FOM: Yoneda's Lemma
Todd Wilson
twilson at csufresno.edu
Wed May 5 19:45:44 EDT 1999
Steve Simpson 5 May 1999 17:24:51 writes:
> Either of these formulations of the Yoneda lemma is perfectly good for
> applications. Nothing important is lost.
>
> But apparently category theorists don't like these formulations. Why
> not? If set theory is a good enough foundational framework for most
> mathematicians, why isn't it good enough for category theorists?
I can't speak for all (or even a significant proportion) of category
theorists, but anyway here is my answer to this question. Category
theory owes its extistence to a certain frame of mind or point of
view. Technically, the whole field of category theory is eliminable
in the sense that the application of any one of its theorems to a
particular category can always be replaced by reasoning "within" that
category; results involving several categories and functors between
them can similarly be expressed using more elementary notions
involving the particular categories concerned; and so on. (I'm not
quoting a metatheorem here, but the process is clear enough, I trust.)
What good is category theory, then, if it can be eliminated in this
way? Answer: It is the apropriate carrier for many "structural"
results, when these are expressed in their most general form.
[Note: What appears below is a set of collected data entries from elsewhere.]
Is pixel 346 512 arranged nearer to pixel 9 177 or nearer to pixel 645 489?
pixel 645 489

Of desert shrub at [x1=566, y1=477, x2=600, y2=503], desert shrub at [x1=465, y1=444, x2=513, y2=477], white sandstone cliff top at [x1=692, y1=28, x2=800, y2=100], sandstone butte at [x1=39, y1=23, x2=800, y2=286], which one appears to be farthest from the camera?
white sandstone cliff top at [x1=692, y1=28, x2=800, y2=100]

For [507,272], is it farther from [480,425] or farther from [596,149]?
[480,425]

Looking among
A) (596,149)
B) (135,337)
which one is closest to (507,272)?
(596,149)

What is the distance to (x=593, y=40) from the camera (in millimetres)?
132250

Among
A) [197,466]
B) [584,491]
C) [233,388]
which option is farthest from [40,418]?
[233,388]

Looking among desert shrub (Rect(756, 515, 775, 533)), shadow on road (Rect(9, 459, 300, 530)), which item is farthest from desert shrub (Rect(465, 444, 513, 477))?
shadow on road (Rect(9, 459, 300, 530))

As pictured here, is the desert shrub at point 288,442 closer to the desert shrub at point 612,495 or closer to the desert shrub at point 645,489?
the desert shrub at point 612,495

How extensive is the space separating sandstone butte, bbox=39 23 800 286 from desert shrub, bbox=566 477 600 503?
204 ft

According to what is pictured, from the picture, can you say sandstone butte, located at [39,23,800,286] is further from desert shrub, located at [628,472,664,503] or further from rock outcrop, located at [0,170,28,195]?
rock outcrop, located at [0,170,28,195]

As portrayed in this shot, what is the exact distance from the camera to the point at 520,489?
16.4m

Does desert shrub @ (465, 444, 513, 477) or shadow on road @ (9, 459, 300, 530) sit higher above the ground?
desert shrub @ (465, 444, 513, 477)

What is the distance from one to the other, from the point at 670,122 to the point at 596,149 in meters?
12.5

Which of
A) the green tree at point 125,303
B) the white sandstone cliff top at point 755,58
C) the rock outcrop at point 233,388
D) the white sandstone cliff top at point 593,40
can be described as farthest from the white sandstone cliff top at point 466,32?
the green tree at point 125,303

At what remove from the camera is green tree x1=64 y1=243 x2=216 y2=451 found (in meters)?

Without
category theory, we would not be able to express in a sufficiently
final way, for example, that limits for all diagrams can be
constructed from products and equalizers (or many other similar
results). What attracts many researchers to category theory, I
imagine, is this aspect of finality, of capturing the essence of a
structural insight and making it available in the widest range of
situations.
Therefore, when a category theorist sees a structural result like the
Yoneda Lemma, which basically proves the existence of a natural
isomorphism between hom sets in different categories, and which only
involves, at its core, the notions of composition of morphisms and
functor application, he or she wants to highlight those simple
structural properties without having to clutter the picture with
not-so-simple notions from set theory -- especially notions involving
certain classes of (large) cardinals. This may not always be
possible, but that is what one is looking for. If current
set-theoretic foundations do not allow these simple structural results
to be expressed in their most elegant form, the one is led to look for
alternative foundations for which this is possible.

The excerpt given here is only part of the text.